Kentucky heads to the Sunshine State to face Florida on Saturday in the SEC on CBS Game of the Week.

The SEC on CBS opened last week with an exciting overtime finish as Texas A&M defeated UCLA, and hopefully the Wildcats and Gators can provide some similar excitement on Saturday afternoon in The Swamp.

Viewing information

Date: Saturday, Sept. 10
Time: 3:30 p.m. ET
Location: Gainesville, Florida

Live stream (computer): (Simulcast and All-22 feed)
Live stream (mobile): Download the CBS Sports App


Kentucky: The Wildcats had a second-half meltdown against Southern Miss in the opener last Saturday, blowing a 35-10 lead after going scoreless in the second half and eventually losing 44-35. The Gators had their own issues against UMass, so there could be some opportunities in this one, but the 'Cats haven't beaten Florida in the last 29 meetings and haven't won in The Swamp since 1979.

Kentucky has plenty of work to do but there were some positive things done in the first half of the opener to try and lean on. History (and the +17 line) isn't on the 'Cats side, but they came close in last year's 14-9 slugfest, and Florida isn't an offensive juggernaut by any means. A consistent offensive performance for a full 60 minutes could give Kentucky a shot to snap the streak.

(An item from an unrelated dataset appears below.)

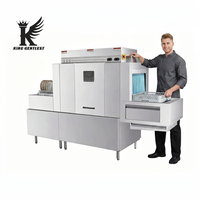 Lave-vaisselle commercial à convoyeur compact, automatique, avec pré-lavage et lavage haute pression, pour restaurants et cuisines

Florida: As mentioned, the Gators' opening 24-7 win over UMass wasn't pretty, but a win is a win. Florida's offense needs to find explosive plays, plain and simple. It isn't running the ball consistently enough to grind out long drives and score touchdowns.

Luke Del Rio, in his second career start, will have to find a way to locate wide receiver Antonio Callaway -- Florida's best playmaker -- downfield for big chunk plays. Kentucky's defense, if not vastly improved off of their second half performance, will provide opportunities. It will be on Del Rio and Callaway to connect or else this could be another low-scoring, defensive minded affair like last year. Luckily for the Gators, their defense is still up to that task.

Players to watch

Garrett Johnson, WR, Kentucky: Johnson had six catches for 143 yards and two touchdowns in the opener and gives Kentucky a dynamic downfield threat. Drew Barker found him in the first half for scores before the offense went into a steep decline in the second half -- 14 total plays for 56 yards. The passing game has to be consistent or else the Gators will load up to stop Stanley "Boom" Williams and Jojo Kemp. Johnson had touchdowns of 43 and 53 yards in the first half against Southern Miss, and he'll need to provide that threat over the top to keep Florida's safeties honest will be crucial for the offense's success.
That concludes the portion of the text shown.